Modern video files like .avi are really "container files", which are ways to store and index a bunch of chunks, with each chunk including information about what kind of chunk it is and the chunk size. A file like a .avi can include a number of different kinds of chunks, including chunks for subtitles, chunks for audio, chunks for video, chunks for video at a different resolution (think Blue Ray or DVD that has to be able to handle multiple resolution demands.) Generally these days, the content of each chunks is typically given by some other standards organization -- so, for example, it would be generally be valid (but not typical) for a video file to represent frames as a series of .jpeg Files copied in without change.
(In turn, .jpeg files are internally represented as a series of chunks, with the representation of the chunks given by the JFIF format; the DCT components are one of the possible chunks within that file, and there is a standard about how those are stored that is not actually the same thing as the JFIF format commonly known as .jpeg files. The standard for representing DCT blocks gets re-used in other standards.)
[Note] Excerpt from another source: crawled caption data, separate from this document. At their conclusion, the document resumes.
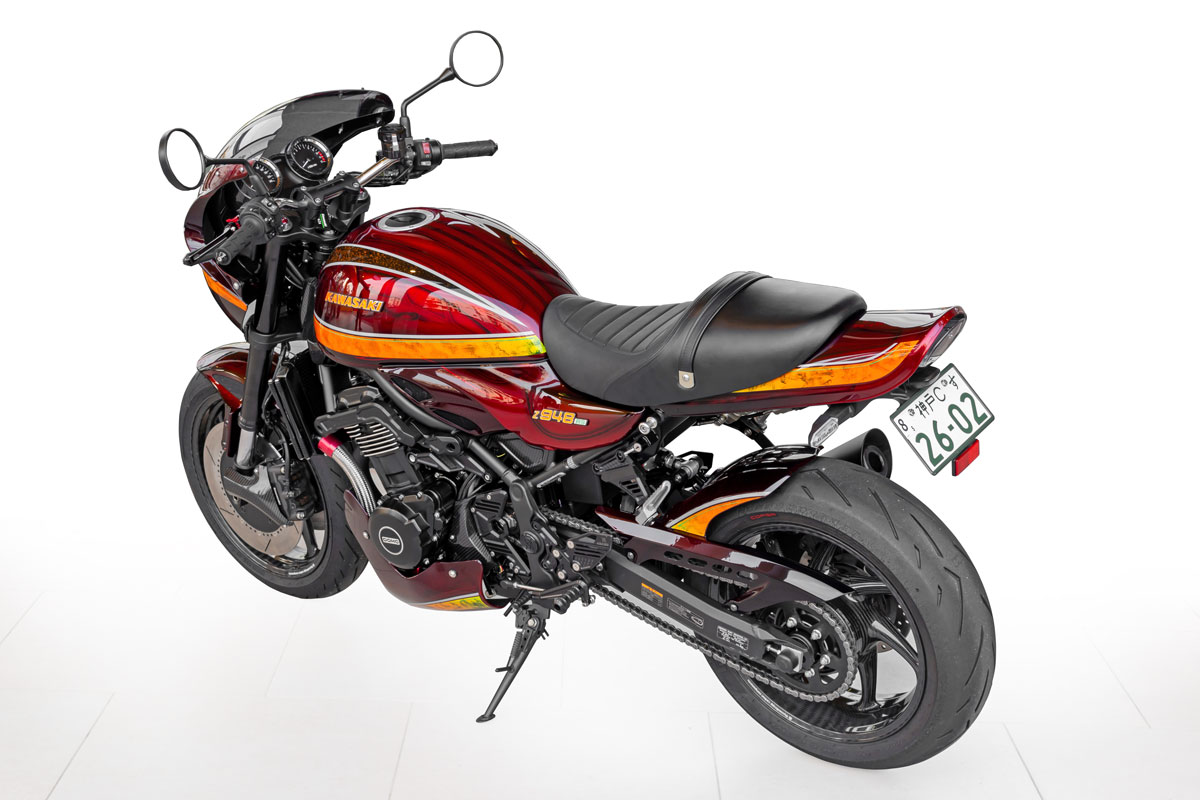 2022年東京モーターサイクルショー展示車両 ARCHI Z900RS “レッド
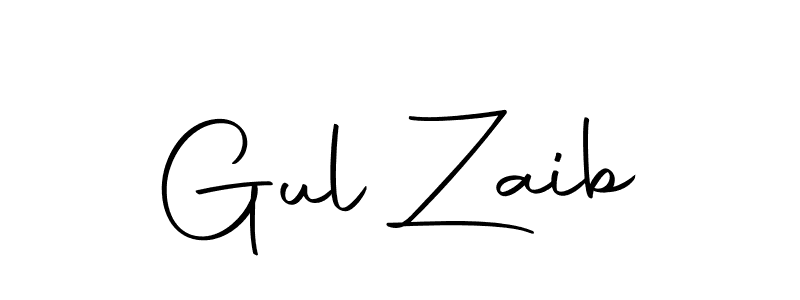 Make a beautiful signature design for name Gul Zaib. With this signature (Autography-DOLnW) style, you can create a handwritten signature for free. Gul Zaib signature style 10 images and pictures png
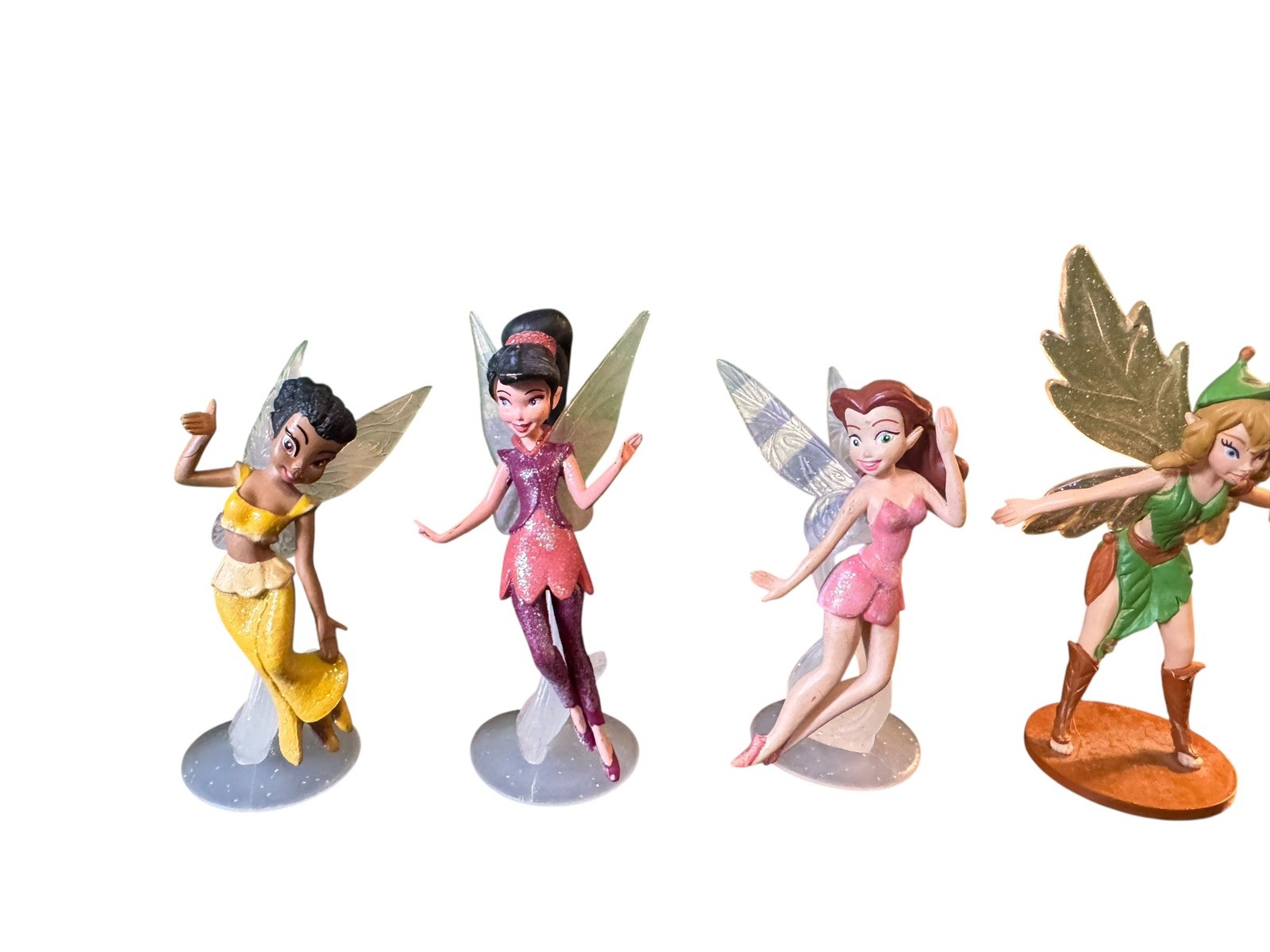 Disney Pixie Hollow Fairies Collectible Lot of 6 Figures PVC Iridessa Beck Fawn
The decoder looks for chunks identified as kinds of video that it prefers or at least knows how to decode, and ignores the rest.
One of the chunk formats for representing video is the standard H.264 / MPEG-4 which is "a block-oriented motion-compensation-based video compression standard. As of 2014 it is one of the most commonly used formats for the recording, compression, and distribution of video content". Notice that it is block oriented; a block is a portion of a frame where the block moves or changes together. H.264 and similar standards divide the raw video up into frames, and then have algorithms for figuring out how to efficiently encode the change between frames, and record that change in the data stream.
H.264 and the like have no concept of shots or scenes, just of frames and blocks within frames. When a video file such as .avi file is being created, it is possible that someone will also add chunks that identify "titles" and "chapters" and perhaps "scenes": those are not required, they are just nice to have to be able to present on menus.
H.264 and similar tend to encode into multiple kinds of frames: https://en.wikipedia.org/wiki/Video_compression_picture_types
- I‑frames are the least compressible but don't require other video frames to decode.
- P‑frames can use data from previous frames to decompress and are more compressible than I‑frames.
- B‑frames can use both previous and forward frames for data reference to get the highest amount of data compression.
Again, no "shot" or "scene" at all.
It is possible that there is a video format out there which does divide up into shots and scenes (or scenes and shots), but I cannot think of any such format in common use.